The evidence was substantial and, once laid out in court, difficult to reframe.

The Evidence

Four days before the shooting, James Crumbley purchased a Sig Sauer SP2022 semi-automatic pistol as an early Christmas gift for Ethan. The gun was not secured. Ethan had unrestricted access to it and posted a photo online the same day with the caption “just got my new beauty.” Jennifer Crumbley responded with a heart emoji and “Lol I’m gonna get in trouble.”

The day before the shooting, a teacher found Ethan searching for ammunition on his phone during class. That same evening, Jennifer Crumbley’s personal journal, later admitted into evidence, contained an entry acknowledging her son’s distress and suggesting she “should have told him to get used to it.” No entry reflected concern about the gun.

The morning of the shooting, a teacher found the now-documented drawings. School officials called a conference with both parents, showed them the materials, and explicitly asked them to take Ethan home or to a mental health evaluation. Both parents expressed irritation. Neither searched Ethan’s backpack, where the loaded pistol was sitting. Both declined to remove him from school and returned to work.
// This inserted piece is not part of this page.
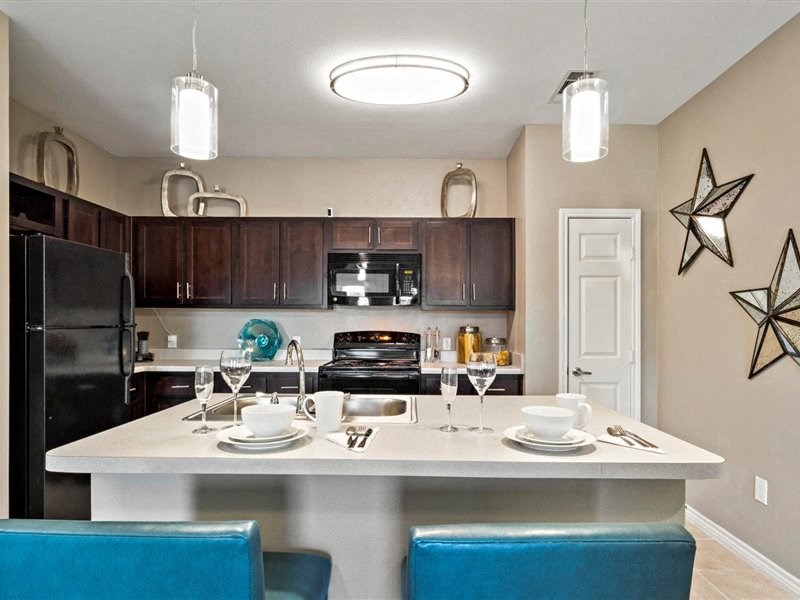 A kitchen with a table set for two and a black refrigerator.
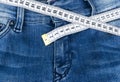 A blue woman jeans and ruler, concept of diet and weight loss. Jeans with measuring tape. Healthy lifestyle, dieting, fitness. Royalty Free Stock Photo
He was returned to class at approximately 12:50 p.m. The shooting began around 12:51 p.m.

The Defense Arguments

The defense for both parents argued that the Crumbleys could not have predicted their son would commit mass murder, that they were dealing with a difficult teenager, not a mass shooter in the making, and that extending criminal liability to parental judgment calls was a dangerous overreach.

Jennifer Crumbley’s defense further contended that she herself was a victim of Ethan’s deception; that parents should not be criminalized for their children’s acts; and that the school bore shared responsibility for not insisting on his removal.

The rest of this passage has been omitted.